Hello, Codeforces!
I recently came across a data structure that I find quite interesting: the sparse set. It functions similarly to a bitset and supports all its operations but has some quirks and useful features of its own. Particularly, unlike almost every other data structure, it does not need to be initialised at all before it can be used! Naturally, that also means that its data can be reset in $$$O(1)$$$ time, as opposed to the $$$O(n)$$$ time expected of regular bitsets. It also has the added benefit that traversing its elements takes time proportional to the number of elements rather than the size of the data structure, making the operation more efficient for sparse bitsets. However, note that it is likely less efficient in terms of its memory usage (still $$$O(n)$$$ but ~64× larger constant) and constant time factor.
Introduction
The sparse set consists simply of two integer arrays (which I'll call $$$d$$$ and $$$s$$$) and a size variable $$$n$$$, satisfying the following class invariants:
- Invariant 1: $$$d[0..(n-1)]$$$ (inclusive) stores the elements of the bitset;
- Invariant 2: If $$$e$$$ is an element of the bitset, then $$$s[e]$$$ stores its index in the $$$d$$$ array.
In most literature covering this data structure, the arrays $$$d$$$ and $$$s$$$ are called the 'dense' and the 'sparse' arrays, respectively.
For any array element not mentioned above, its value can be anything without affecting the function of the data structure.
A typical sparse set might look like this (asterisk denotes terms that can be anything):
The red lines indicate the connections between the elements in $$$d$$$ and $$$s$$$. It can be shown that, for all indices $$$i$$$ in the range $$$[0, n-1]$$$, the constraint $$$d[s[d[i]]] = d[i]$$$ is satisfied.

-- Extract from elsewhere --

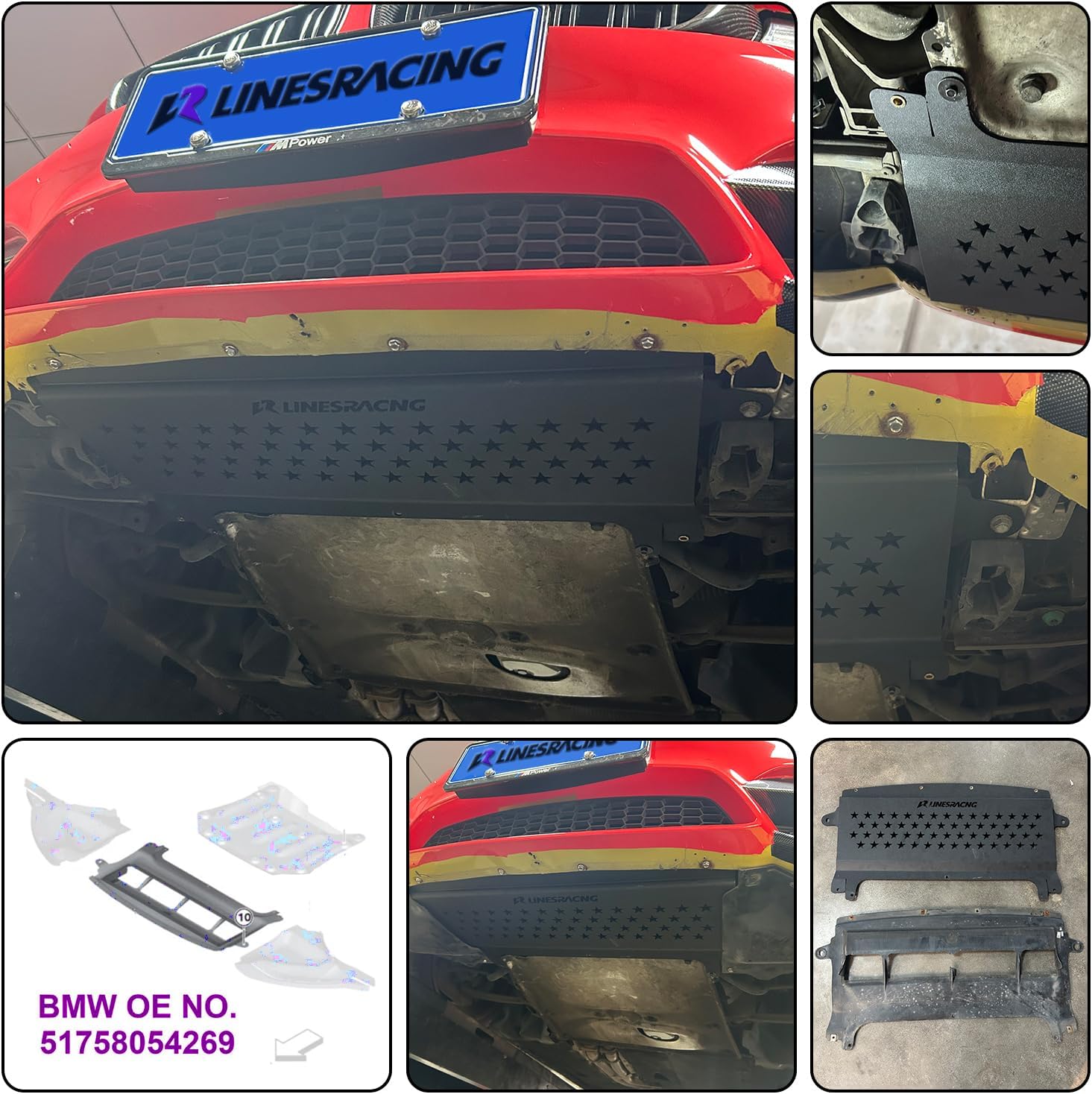 Oil Cooler Skid Plate Underhood Shield for BMW F80 M3 F82 F83 M4 Aluminum Black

In C++ code, the data structure can be represented as follows:
template <int N>
struct sparse_set {
int n;
int d[N], s[N];
};
Note that, in this article, we would use $$$N$$$ to denote the size of the data structure itself (and thus, the set of elements allowed is $$${0, 1, \ldots, N-1}$$$), and $$$n$$$ to denote the number of elements currently stored.
Important implementation detail: if you are using C, C++, or Rust, you still have to initialise this data structure in its constructor since accessing an uninitialised element does not return an unspecified value; it is undefined behaviour and can introduce bugs elsewhere in your program. You don't have to do this when resetting the data structure, however.